Yaşam

Sevr Antlaşması Neden Ölü Doğmuş Bir Antlaşmadır? Sevr Anlaşmasının Maddeleri Nedir?

Sevr Antlaşması, Birinci Dünya Savaşı'nın ardından Osmanlı İmparatorluğu ile galip devletler arasında 10 Ağustos 1920 tarihinde imzalanan bir antlaşmadır. Ancak, Sevr Antlaşması, birçok açıdan ölü doğmuş bir antlaşma olarak nitelendirilmiştir.

Abone Ol

Sevr Antlaşması, 10 Ağustos 1920 tarihinde Osmanlı Devleti ile İtilaf Devletleri arasında imzalanan ve Birinci Dünya Savaşı’nın galiplerinin Osmanlı topraklarını paylaşımını düzenleyen bir antlaşmadır. Ancak bu antlaşma, uygulanabilirlikten uzak olması, tarafların çıkar çatışmaları, Türk halkının direnişi ve uluslararası konjonktürün değişmesi gibi nedenlerle hayata geçirilememiş ve adeta “ölü doğmuş” bir belge olarak tarihe geçmiştir. Sevr’in uygulanamamasının ardında yatan nedenler, yalnızca Osmanlı Devleti’nin zayıflığı ya da İtilaf Devletleri’nin hırslarıyla sınırlı değildir; aynı zamanda antlaşmanın gerçeklikten kopuk yapısı ve Türk milletinin bağımsızlık mücadelesi gibi faktörler de bu sonucu doğurmuştur.

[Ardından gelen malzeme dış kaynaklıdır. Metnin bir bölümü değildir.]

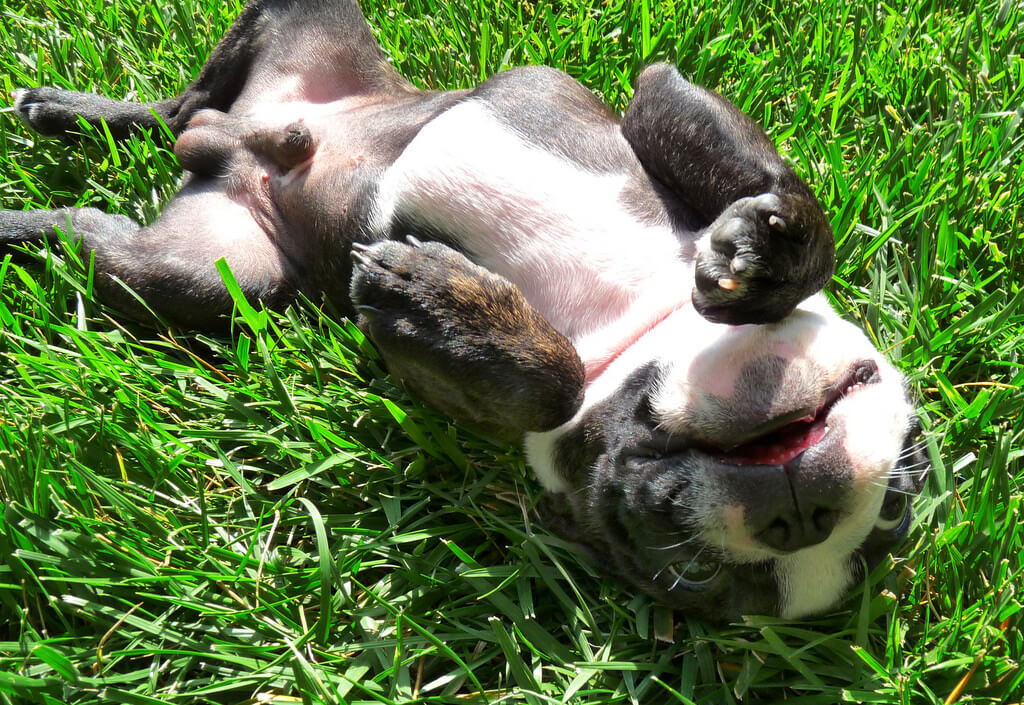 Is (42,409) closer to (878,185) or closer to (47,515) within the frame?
(47,515)

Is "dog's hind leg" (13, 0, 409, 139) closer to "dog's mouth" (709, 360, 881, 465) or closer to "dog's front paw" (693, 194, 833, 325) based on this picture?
"dog's front paw" (693, 194, 833, 325)

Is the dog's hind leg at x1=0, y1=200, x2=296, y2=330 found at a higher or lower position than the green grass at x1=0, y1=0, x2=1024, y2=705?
higher

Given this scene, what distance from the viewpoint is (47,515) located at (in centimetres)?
275

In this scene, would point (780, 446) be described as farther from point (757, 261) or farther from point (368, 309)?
point (368, 309)

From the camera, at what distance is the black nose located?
2293 mm

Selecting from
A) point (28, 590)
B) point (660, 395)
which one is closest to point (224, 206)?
point (28, 590)

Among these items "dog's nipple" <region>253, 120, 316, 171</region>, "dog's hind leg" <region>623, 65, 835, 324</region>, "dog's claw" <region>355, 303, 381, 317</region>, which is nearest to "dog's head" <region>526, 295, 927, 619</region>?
"dog's hind leg" <region>623, 65, 835, 324</region>

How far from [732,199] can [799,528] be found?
114 centimetres

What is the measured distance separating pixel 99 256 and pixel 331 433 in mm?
1264

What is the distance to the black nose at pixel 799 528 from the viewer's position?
229 cm

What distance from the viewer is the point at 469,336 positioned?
8.82 feet

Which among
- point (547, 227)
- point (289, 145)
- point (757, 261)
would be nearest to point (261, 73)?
point (289, 145)

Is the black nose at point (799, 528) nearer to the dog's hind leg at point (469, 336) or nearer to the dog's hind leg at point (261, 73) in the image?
the dog's hind leg at point (469, 336)

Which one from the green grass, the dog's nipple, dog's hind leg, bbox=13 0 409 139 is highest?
dog's hind leg, bbox=13 0 409 139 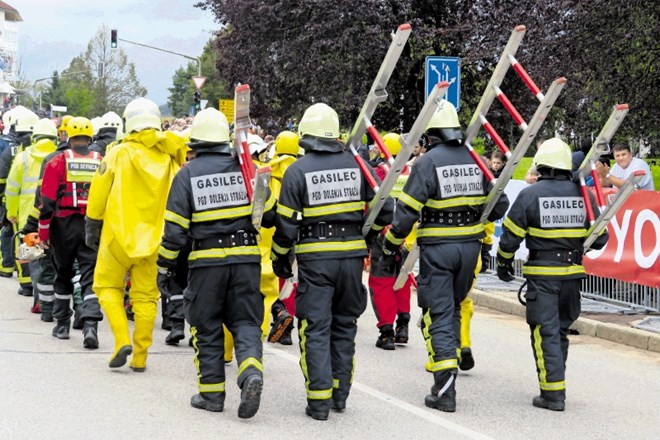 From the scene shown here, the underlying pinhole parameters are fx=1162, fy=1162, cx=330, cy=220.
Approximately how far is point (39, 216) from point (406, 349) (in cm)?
359

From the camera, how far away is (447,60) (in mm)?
16203

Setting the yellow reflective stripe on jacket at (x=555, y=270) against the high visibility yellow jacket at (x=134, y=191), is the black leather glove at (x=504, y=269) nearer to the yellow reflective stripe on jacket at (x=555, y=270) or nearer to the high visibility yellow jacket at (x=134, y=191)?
the yellow reflective stripe on jacket at (x=555, y=270)

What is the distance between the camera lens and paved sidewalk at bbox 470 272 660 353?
11.5 meters

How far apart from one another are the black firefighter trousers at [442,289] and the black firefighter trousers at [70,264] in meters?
3.15

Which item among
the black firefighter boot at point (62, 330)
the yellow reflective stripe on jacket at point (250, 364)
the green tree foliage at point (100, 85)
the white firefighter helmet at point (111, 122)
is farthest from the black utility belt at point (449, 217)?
the green tree foliage at point (100, 85)

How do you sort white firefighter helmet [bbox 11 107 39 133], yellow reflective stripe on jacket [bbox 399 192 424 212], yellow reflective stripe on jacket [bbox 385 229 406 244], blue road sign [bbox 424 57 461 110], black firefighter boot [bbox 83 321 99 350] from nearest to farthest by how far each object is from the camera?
yellow reflective stripe on jacket [bbox 399 192 424 212]
yellow reflective stripe on jacket [bbox 385 229 406 244]
black firefighter boot [bbox 83 321 99 350]
white firefighter helmet [bbox 11 107 39 133]
blue road sign [bbox 424 57 461 110]

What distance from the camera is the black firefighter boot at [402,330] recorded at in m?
11.0

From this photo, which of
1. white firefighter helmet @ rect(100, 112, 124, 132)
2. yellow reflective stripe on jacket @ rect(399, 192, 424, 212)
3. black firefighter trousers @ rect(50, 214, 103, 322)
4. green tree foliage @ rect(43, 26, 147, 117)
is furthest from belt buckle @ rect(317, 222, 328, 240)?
green tree foliage @ rect(43, 26, 147, 117)

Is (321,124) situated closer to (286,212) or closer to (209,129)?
(286,212)

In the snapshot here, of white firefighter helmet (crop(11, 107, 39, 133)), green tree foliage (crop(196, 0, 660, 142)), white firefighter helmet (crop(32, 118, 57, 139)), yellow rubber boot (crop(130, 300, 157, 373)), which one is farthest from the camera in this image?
green tree foliage (crop(196, 0, 660, 142))

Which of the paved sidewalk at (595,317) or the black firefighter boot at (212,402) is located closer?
the black firefighter boot at (212,402)

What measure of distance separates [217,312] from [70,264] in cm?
320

Sevr Antlaşması’nın Gerçeklikten Kopuk Yapısı

Sevr Antlaşması, Osmanlı Devleti’nin fiilen varlığını sona erdiren ve topraklarını İtilaf Devletleri arasında paylaştıran bir belge olarak tasarlanmıştır. Antlaşma, Osmanlı’ya yalnızca Anadolu’nun iç kesimlerinde küçük bir bölge bırakırken, İstanbul ve Boğazlar uluslararası bir komisyonun kontrolüne verilmiş, Ege Bölgesi Yunanistan’a, doğu illeri Ermenistan’a ve diğer bölgeler ise İngiliz, Fransız ve İtalyan nüfuz alanlarına ayrılmıştır. Bu paylaşım, Osmanlı Devleti’nin egemenlik haklarını tamamen yok sayan bir yaklaşımla hazırlanmıştır. Ancak antlaşmanın uygulanabilirliği, birkaç temel nedenden dolayı mümkün değildi.

İlk olarak, Sevr Antlaşması, Osmanlı Devleti’nin mevcut siyasi ve askeri gücünü tamamen göz ardı eden bir belgeydi. Osmanlı Devleti, Birinci Dünya Savaşı’nda yenilmiş olsa da, Anadolu’da başlayan Milli Mücadele, Türk halkının teslim olmayacağını açıkça gösteriyordu. Mustafa Kemal Paşa önderliğinde örgütlenen bu hareket, antlaşmanın uygulanmasını engellemek için kararlı bir direniş sergilemiştir. İtilaf Devletleri, bu direnişi hesaba katmadan, kağıt üzerinde bir paylaşım planı yaparak antlaşmayı hayata geçirebileceklerini düşünmüşlerdir. Ancak bu, gerçeklikten kopuk bir iyimserlikti.

İkinci olarak, İtilaf Devletleri’nin kendi aralarındaki çıkar çatışmaları, Sevr’in uygulanmasını imkânsız kılan bir başka faktördü. İngiltere, Fransa ve İtalya, Osmanlı topraklarını paylaşma konusunda anlaşmış gibi görünse de, her biri kendi çıkarlarını maksimize etmeye çalışıyordu. Örneğin, İtalya, Ege Bölgesi’nde Yunanistan’ın genişlemesine karşı çıkarken, Fransa, Suriye ve Lübnan’daki mandasını güvence altına almak için İngiltere ile rekabet içindeydi. Bu iç çekişmeler, antlaşmanın uygulanması için gerekli olan ortak iradeyi zayıflatmış ve Sevr’i kağıt üzerinde bir belge olmaktan öteye taşıyamamıştır.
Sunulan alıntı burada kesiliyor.